Jesus Gets Our Feet Easter-Ready

Rebecca Sheridan
Sunday, April 21, 2019
Matthew 28:1-10

Christ is risen! He is risen indeed! Alleluia! Are your feet Easter-ready? With spring weather finally here, some of you may be thinking about getting your body swimsuit-ready for the summer, but have you thought about whether your feet are Easter-ready?! When the Marys see the risen Jesus for the first time that Easter morning, Matthew tells us they fall to their knees and embrace his feet. Throughout the gospels people are kind of obsessed with Jesus’ feet. Falling down at someone’s feet was an act of worship, usually reserved for the Roman emperor, at the time. Before the resurrection, Mary anoints Jesus’ feet with perfume and wipes them with her hair. Another woman washes Jesus’ feet with her tears. People sit at Jesus’ feet to listen to his teaching or to receive healing. Jesus’ washes the disciples’ feet and asks them to wash one another’s feet. Jesus also instructs the disciples to shake the dust from their feet if a town does not receive his message. Jesus’ feet and hands are nailed to the cross, and the earth reels and rocks under the Marys’ feet at the empty tomb.

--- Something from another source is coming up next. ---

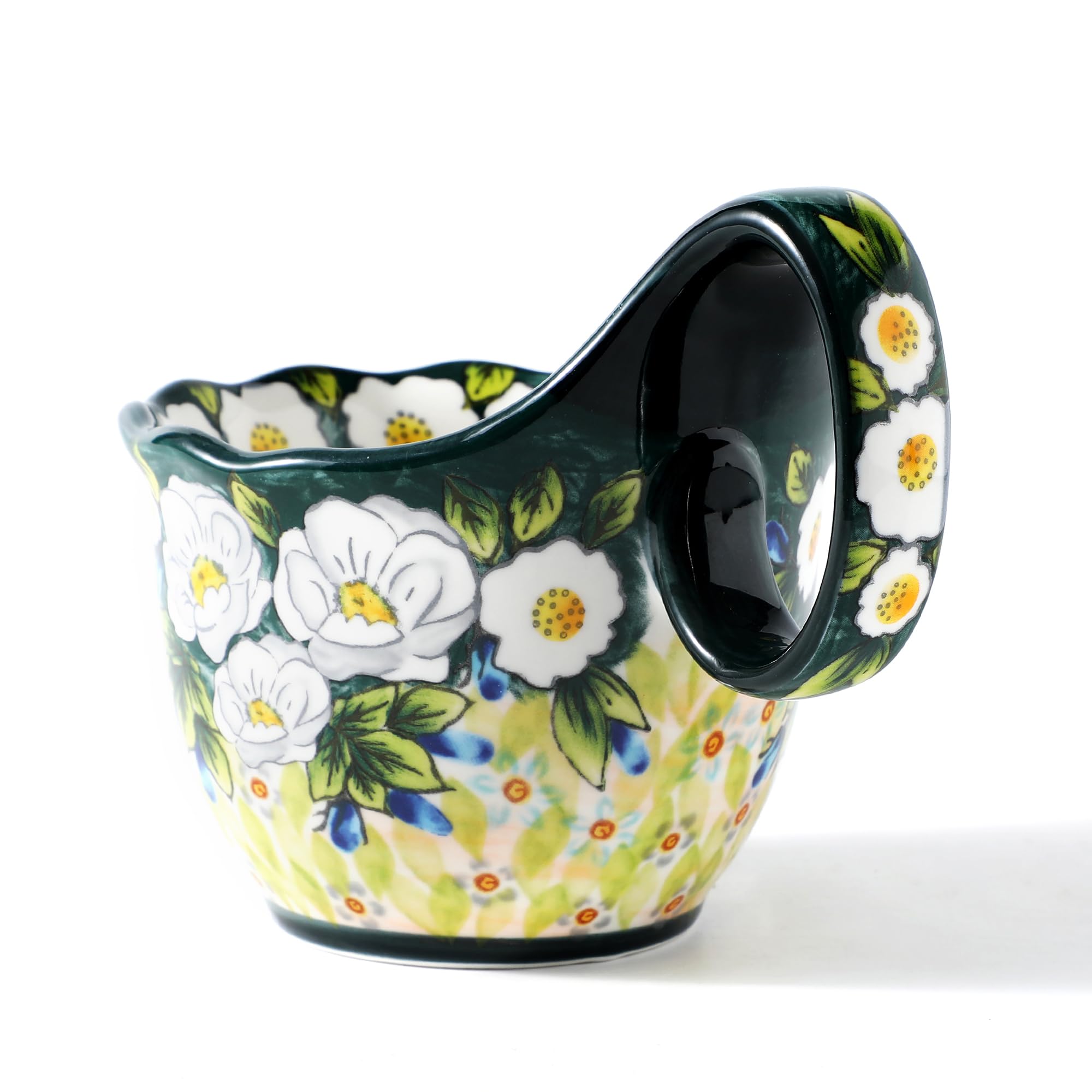 tazón ALMA con diseño floral verde y jazmín en la mesa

All this talk about feet is not for us to get too squeamish about how our toes will look in sandals in a few weeks, but causes us to ask how God wants us to use our feet after worship is over, to leave the empty tomb along with the women that first Easter morning to share the message about Christ’s resurrection. Jesus tells the women not to hold on to him too tightly, not to stay at his feet in worship, but for them to go use their feet to tell others the good news that he is risen. The angel instructs the women: “Get on your way quickly and tell his disciples, ‘He is risen from the dead. He is going on ahead of you to Galilee. You will see him there.’ That’s the message.” That’s the message we have to share, too! He is risen from the dead, and you will see him, you will see Christ resurrected! Are your feet Easter ready to share that good news with someone who needs to hear it?!

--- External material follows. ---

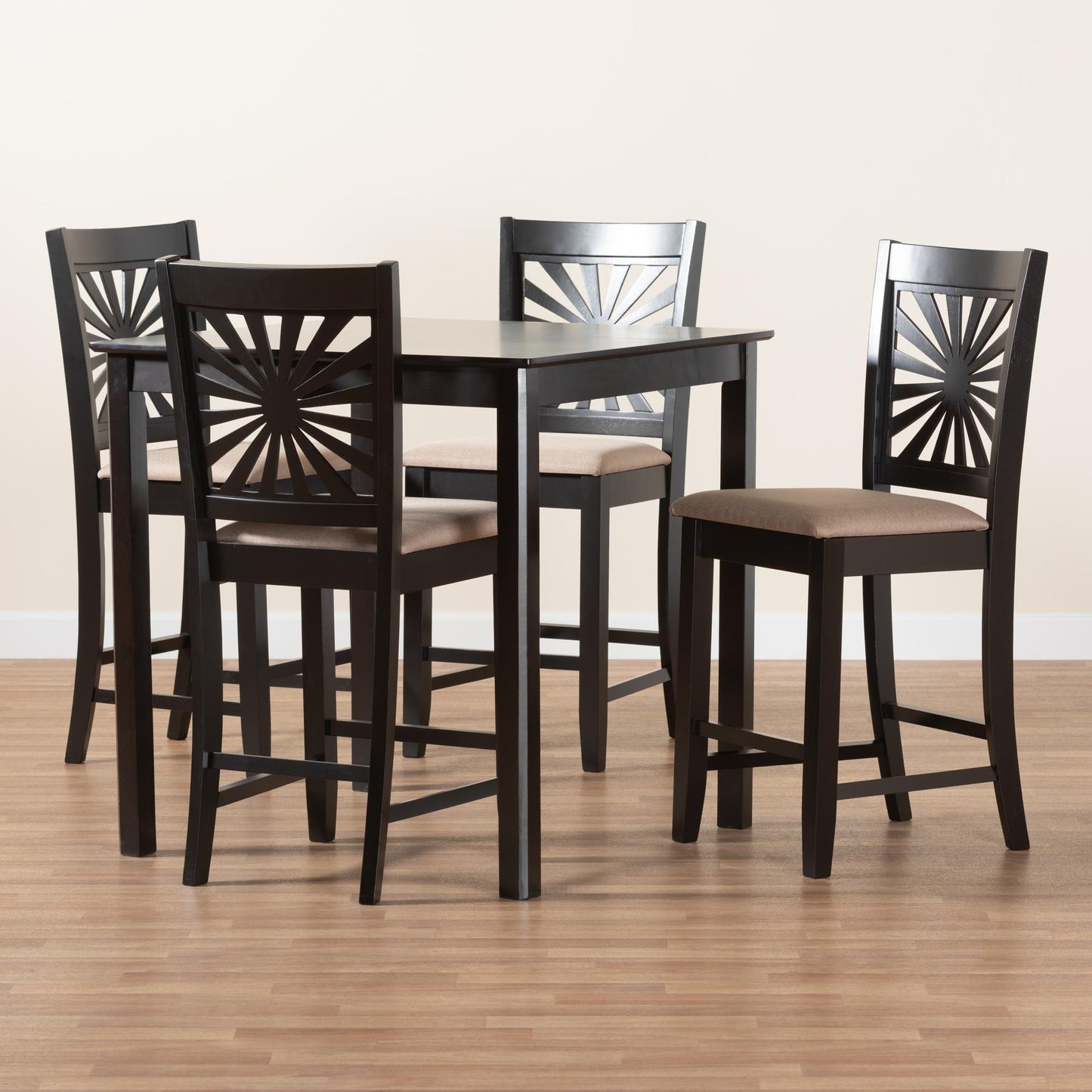 Baxton Studio Olympia Modern Beige Fabric and Espresso Brown Finished Wood 5-Piece Pub Set | Bar Stools & Table | Modishstore - 2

Your immediate answer to that question may be…no! “Did you hear the good news? He is risen!” This would be the text message my atheist friend in college would send me every Easter – it was an irreverent joke between us as we would argue about Jesus’ existence and my own faith that “yes, I actually believe all this stuff,” and my friend’s doubt. Maybe it is jarring to hear a pastor share on Easter morning that she has joked about Jesus’ resurrection with an atheist, but I share this partly to shake US up with the realization that we are all, those of us who are believers, a bit weird! I appreciate my friend helping me realize that saying “Christ is risen! He is risen indeed, Alleluia!” is actually a very difficult thing to believe and make sense of today. The Easter message we have to share is the same as the women’s message at the empty tomb, but the women saw the risen Jesus with their own eyes, and we haven’t. Especially in Matthew’s telling of the resurrection of Jesus, it sounds so fantastic to our modern ears, doesn’t it? An earthquake occurs as an angel comes down from heaven with shafts of lightning blazing and his garments shimmering snow-white! This account almost makes the Easter bunny more believable, if we look at it with post-Enlightenment skepticism. This is the way more and more people today look at Easter – a nice holiday spent with family and Easter egg hunts and maybe dressing up and going to church to make mom happy, but a guy being raised from the dead, escaping from a sealed tomb and an angel to tell about it? Kind of hard to believe. Are our feet Easter-ready to share this counter-cultural, unbelievable message?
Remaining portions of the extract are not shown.